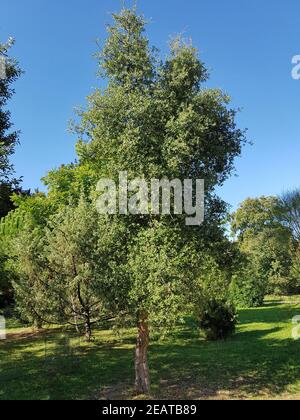 Korkeiche, Quercus suber Stockfoto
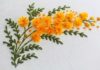 El Nakışı Mimoza Çiçeği Yapılışı - Nakış - brezilya nakışı nasıl yapılır brezilya nakışı örnekleri el nakışı çiçek yapımı el nakışı videoları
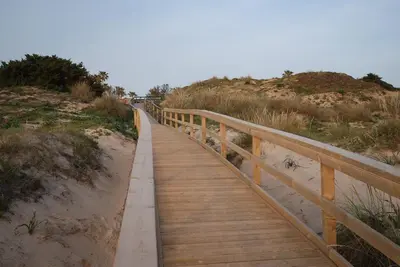a wooden boardwalk over the sand on a beach at Oasis en la playa in Chiclana de la Frontera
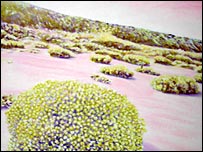 Duet Landscape by Sophie Maritt (detail)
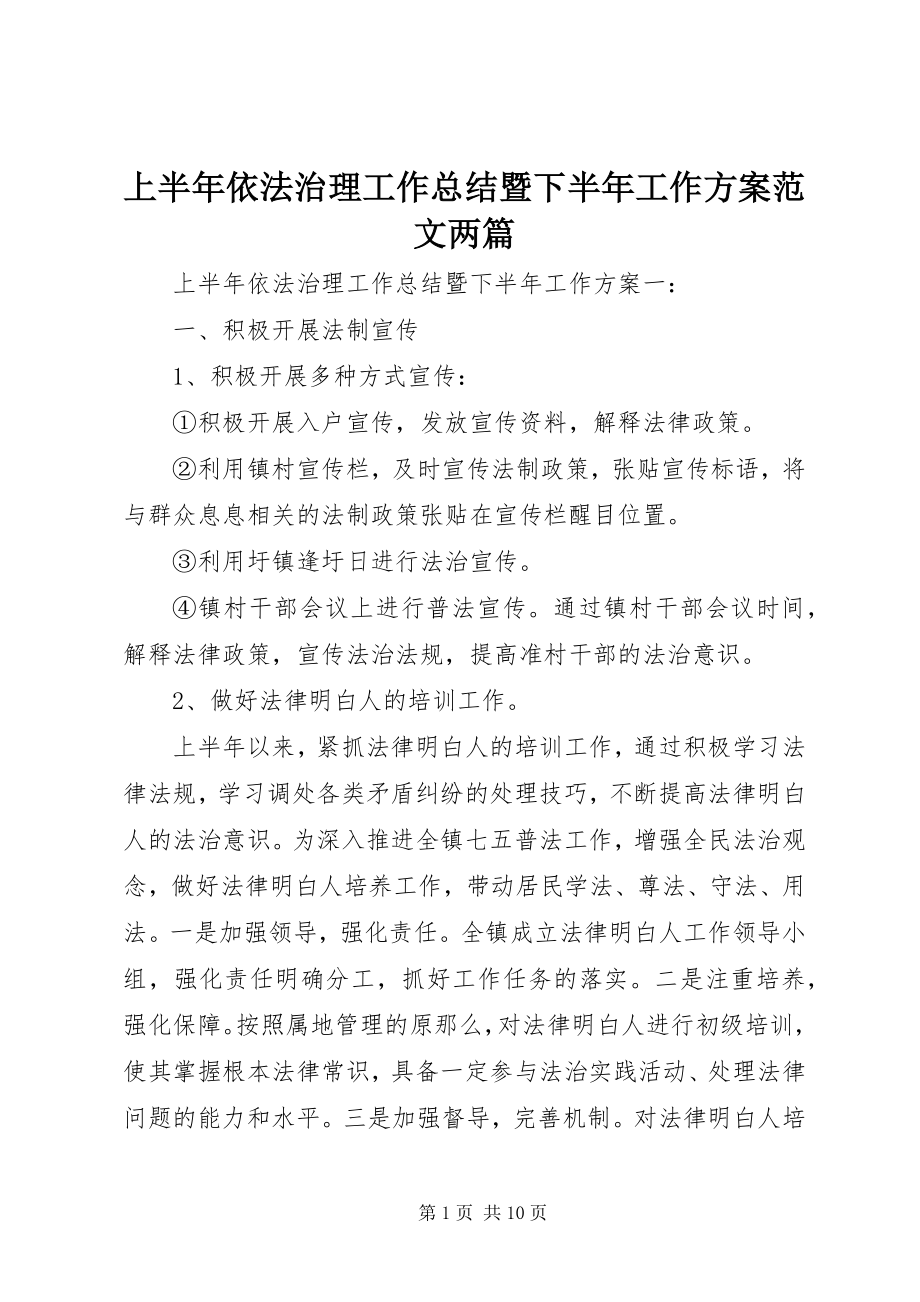 2023年上半年依法治理工作总结暨下半年工作计划两篇.docx_第1页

________________________

> **DIRECTIONS**: Exclude all images, then retype the records above without alteration.

> **WRITTEN SOLUTION**:
 Korkeiche, Quercus suber Stockfoto
 El Nakışı Mimoza Çiçeği Yapılışı - Nakış - brezilya nakışı nasıl yapılır brezilya nakışı örnekleri el nakışı çiçek yapımı el nakışı videoları
a wooden boardwalk over the sand on a beach at Oasis en la playa in Chiclana de la Frontera
 Duet Landscape by Sophie Maritt (detail)
 2023年上半年依法治理工作总结暨下半年工作计划两篇.docx_第1页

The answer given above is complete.